La regata, che quest’anno ha segnato il nuovo record con 589 iscritti, di cui un terzo italiani (191), ha offerto l’ultima occasione per regatare in questa lunga stagione 2019 sul Garda Trentino, confermando la scelta del ponte di Ognissanti sicuramente azzeccata per una regata dedicata ai bambini (con al seguito spesso le famiglie). Sempre più numerosa infatti la partecipazione estera considerate le 27 nazioni, tra cui anche USA. Al di là delle regate non sono mancate le attività collaterali con krapfen e Nutella Party, pasta party e lotteria con tanti regali a sorteggio. Ma questa settima edizione è stata importante anche perchè è stata la prima regata in Italia - con questi numeri - in cui sono state utilizzate le cosiddette boe intelligenti o robotiche. Un evento importante, permesso grazie alla disponibilità dell’azienda svizzera Roboboj, che ha portato in regata questi nuovi modelli. I problemi tecnici per qualche boa non sono mancati, ma per cause dovute a sbalzi di tensione durante il caricamento delle batterie, che hanno danneggiato alcune parti elettroniche delle schede. Un fatto che finora non era mai successo, ma che - seppur subendone le conseguenze - ha contribuito a migliorare ulteriormente il sistema. Il progetto, portato avanti da tutti i circoli dell’Alto Garda, che ha il duplice scopo di salvaguardare il lago e facilitare la gestione del campo di regata, ha fatto un ulteriore passo avanti: ora si dovrà passare ai fatti con il reperimento di fondi per l’acquisto. Tra boe robotiche, pioggia, krapten e lotterie ci sono state naturalmente le regate: tra i più piccoli cadetti ha vinto Giovanni Bedoni (Fraglia Vela Riva), con un punto di vantaggio su Sofia Bommartini (Fraglia Vela Malcesine), prima della categoria femminile. Terzo posto assoluto del norvegese Victor Lööf, figlio del campione olimpico classe Star Fredrik (Londra 2012) nonchè medaglia di bronzo sempre Star a Pechino e ancora bornzo nella classe Finn a Sydney. Con un primo nella quarta ed ultima regata il triestino Francesco Tesser è risalito in quarta posizione; quinto lo sloveno Balaban. Il portacolori del Circolo Vela Torbole Erik Scheidt non è riuscito nell’attacco alla zona podio, a causa di una squalifica per partenza anticipata proprio nell’ultima prova; il figlio dei campionisssimi Robert e Gintare ha concluso al settimo posto assoluto. Tra le femmine dietro la già citata Sofia Bommartini la polacca Komorowska; terza la britannica Edwards.

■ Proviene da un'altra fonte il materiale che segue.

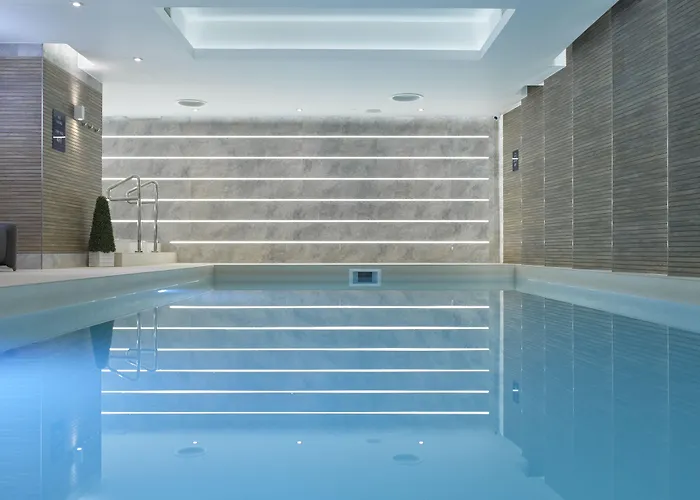 Hotel Sheraton Blackpool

Nella categoria juniores molte nazioni straniere nella top ten con tre tedeschi nei primi quattro in una classifica generale molto corta, che vede i primi 6 classificati in soli 2 punti. Per la risoluzione delle parità come da regolamento vittoria del tedesco Honold (2-1-2 con un 25 scartato in regata 3) davanti all’ungherese Levente (1-2-2-8 scartato); terzo l’altro tedesco Tim Krause. Prima italiana, settimana in generale, la triestina Lisa Vucetti (SV Barcola Grignano) già vice-campionessa europea Optimist individuale e campionessa europea a squadre 2019, prima della categoria femminile, davanti rispettivamente alla slovena Tarin Pecar e all’altra italiana Rebecca Geiger (CV Muggia).

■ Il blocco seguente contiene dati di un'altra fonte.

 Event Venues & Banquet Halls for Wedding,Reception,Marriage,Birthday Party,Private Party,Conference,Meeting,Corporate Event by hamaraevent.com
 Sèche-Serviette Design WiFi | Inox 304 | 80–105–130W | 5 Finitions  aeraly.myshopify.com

Il Trofeo messo in palio dal Circolo Vela Torbole alla società con i migliori 4 juniores è stato vinto con 123 punti dal circolo di Capodistria “ JK Jadro Koper”, che ha interrotto la serie consecutiva di cinque vittorie della Fraglia Vela Riva.
Dopo questo ultimo successo le regate sul Garda Trentino si fermano fino alla primavera prossima; ora è tempo di allenamenti, programmi e nuove sfide - anche ecologiche come il progetto delle boe robotiche - da portare avanti con sempre più forza e convinzione.

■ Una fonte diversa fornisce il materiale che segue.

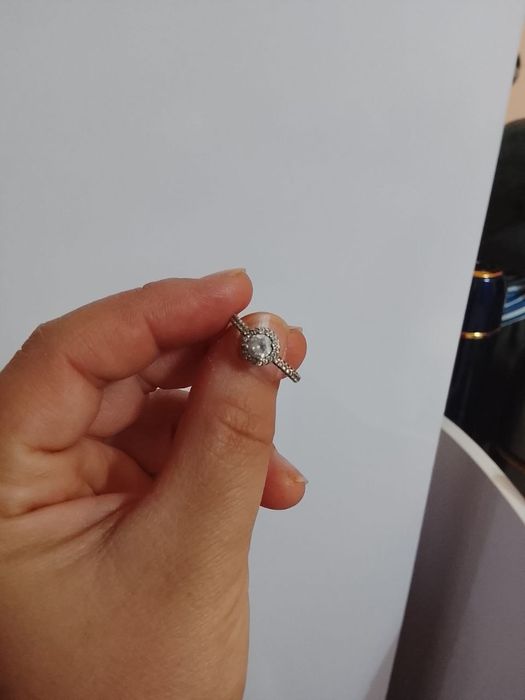 Кольцо из серебра 925 пробы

L’italiano Federico Pilloni è secondo assoluto dopo una prestazione esplosiva con due vittorie di giornata
Dinamica e sempre più attenta al coinvolgimento dei giovani, fa della promozione della cultura del mare, del rispetto per l’ambiente, della collaborazione fra Circoli e dell’impegno costante, i segreti del suo successo
Giornata top per i tattici italiani impegnati sugli RC44: Vasco Vascotto (Peninsula), Michele Ivaldi (Aleph) e Checco Bruni (GeMera)
Il team di John Bassadone, con Vasco Vascotto alla tattica, ha vinto a Calero Marinas al termine di una settimana intensa e combattuta, imponendosi con cinque punti di vantaggio sulla debuttante GeMera Racing (tattico Checco Bruni)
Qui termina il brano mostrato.